Wesley stepped forward, his eyes narrowing to slits. ‘Sally’s twice the woman you ever were to me, frozen little bitch that you are. I’ve a good mind to show you now how a proper woman should act with her man.’
Meg stood her ground. ‘Oh, yes, that’s what you came for, is it? I thought you hadn’t come to see Kit. You don’t care about the bairn. Why, you hardly know him. And when did we last see any of your pay to feed him? How do you think I manage?’
‘You do all right, you don’t deserve any money from me. Why, you’re lucky I let you stay in my house.’
‘Your house? Your house, is it? I always thought it was a pit house,’ she taunted.
‘You’ve got a sharp tongue, haven’t you?’ Wesley lifted his hand to threaten her and she laughed.
‘Oh, aye, that’s going to do your name the world of good, isn’t it? Your marras’ll cheer you on all right, living with that Sally Hawkins and only coming round here to knock your wife about. Any road, I thought you were bothered about Kit?’
‘Mam! Mam!’
As if on cue, his frightened cry came from above their heads, calming Meg immediately.
‘We’ve gone and upset the bairn, now,’ she said more quietly as she hurried to the bottom of the stairs.
‘It’s all right, pet,’ she called up, ‘it’s just your da come to see how you are.’ She looked back into the kitchen at Wesley. ‘Now, go on up and see the lad. And be nice to him. The doctor says he has to be kept quiet for a few days. He had a bad fall and a nasty shock. This is no time to be fighting, with a sick bairn in the house.’
Wesley had the grace to drop the quarrel. Sitting down in his old chair by the fire, he took off his boots and went upstairs in his stockinged feet.

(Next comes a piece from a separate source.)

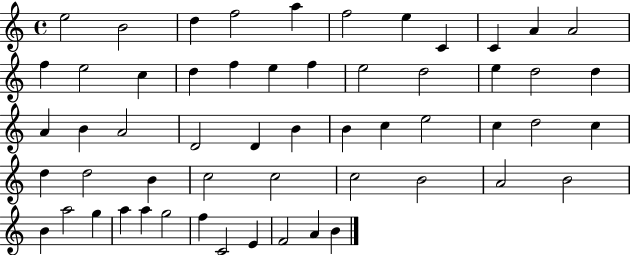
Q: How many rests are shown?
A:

Meg hovered around the bottom of the stairs, listening to him talking awkwardly to the son he hardly knew. He’s only doing it so that he doesn’t look bad to his marras, she thought bitterly. If he cared at all about the lads he’d do more for them. Her thoughts went back to baby Robert. Wesley had cared about him. He’d cared enough to take it as a personal insult when Robert took the fever and died.

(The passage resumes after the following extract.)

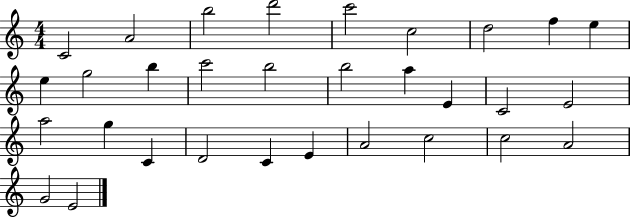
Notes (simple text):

C4/h A4/h B5/h D6/h C6/h C5/h D5/h F5/q E5/q E5/q G5/h B5/q C6/h B5/h B5/h A5/q E4/q C4/h E4/h A5/h G5/q C4/q D4/h C4/q E4/q A4/h C5/h C5/h A4/h G4/h E4/h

Coming downstairs some minutes later, Wesley put five shillings down on the kitchen table. Meg gazed at it, feeling like picking it up and throwing it back at him.
‘What’s that for?’ she asked his retreating back.
‘Buy the bairn something,’ he called over his shoulder.
Meg picked up the two half crowns, staring at the silver in her hand, tempted to throw it on the fire back. But in the end she reached up and put it on the mantelshelf. Proud gestures would get her nowhere.
It was the following Saturday when the little house in George Row had another visitor. Meg had prevailed upon Tucker to stay at home and entertain his small brother while she did her shopping.